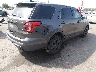 1FM5K8AR9GG****** Salvage and Wrecked 2016 Ford Utility Police Interceptor in Utah State
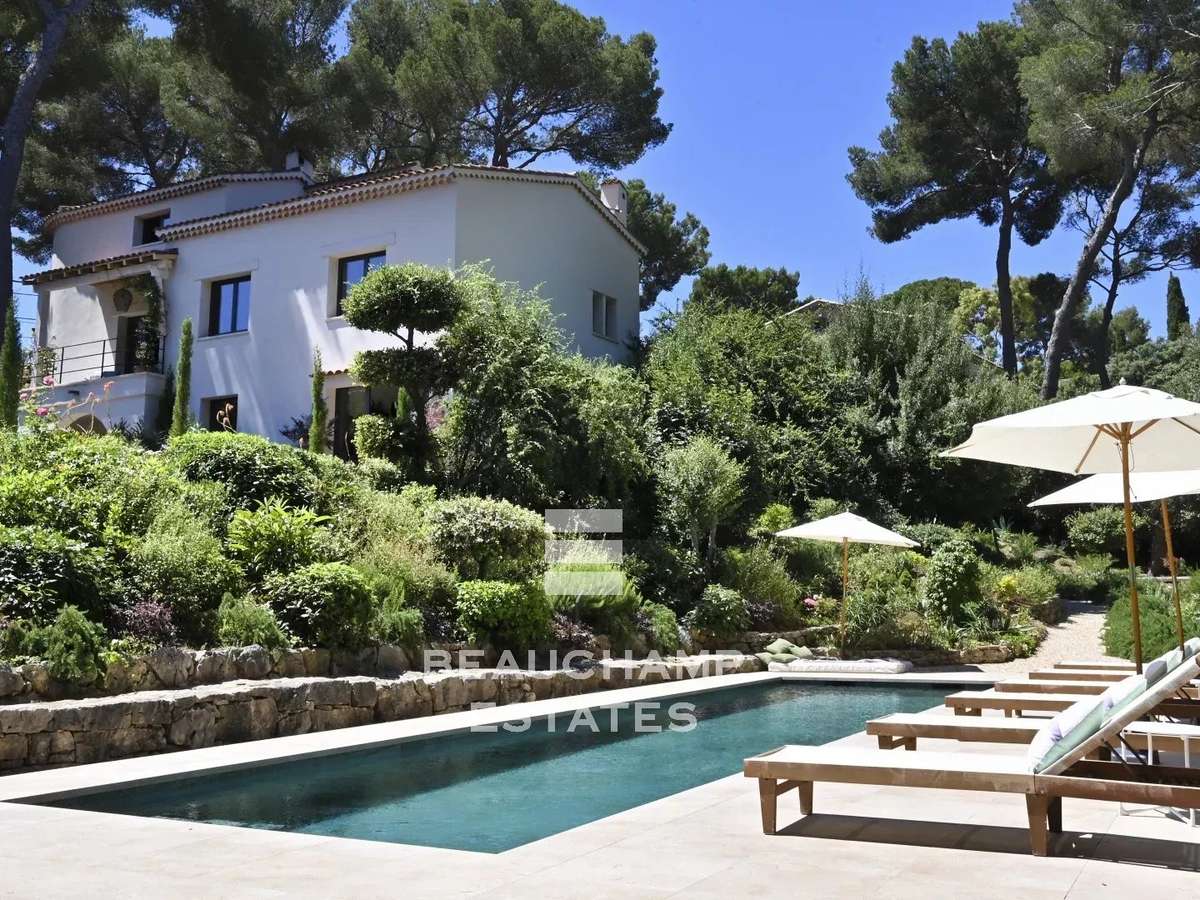 Villa Le golfe-juan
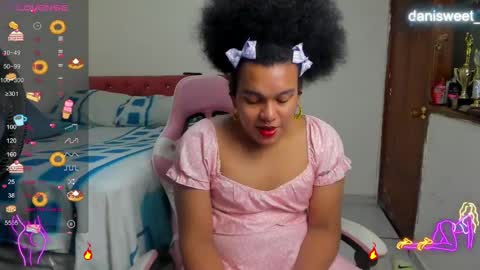 dani online show from 02-25-25, 01:20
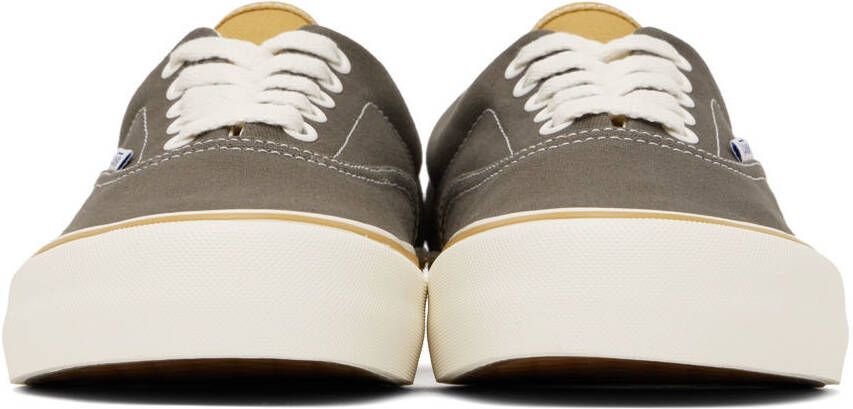 Vans SSENSE Exclusive Collaboration Taupe Era VR3 LX Sneakers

-=-=-

§ **WHAT TO WORK ON**
With the pictures left out, return all the material above exactly.

§ **PROBLEM SOLUTION**
 1FM5K8AR9GG****** Salvage and Wrecked 2016 Ford Utility Police Interceptor in Utah State
 Villa Le golfe-juan
 dani online show from 02-25-25, 01:20
 Vans SSENSE Exclusive Collaboration Taupe Era VR3 LX Sneakers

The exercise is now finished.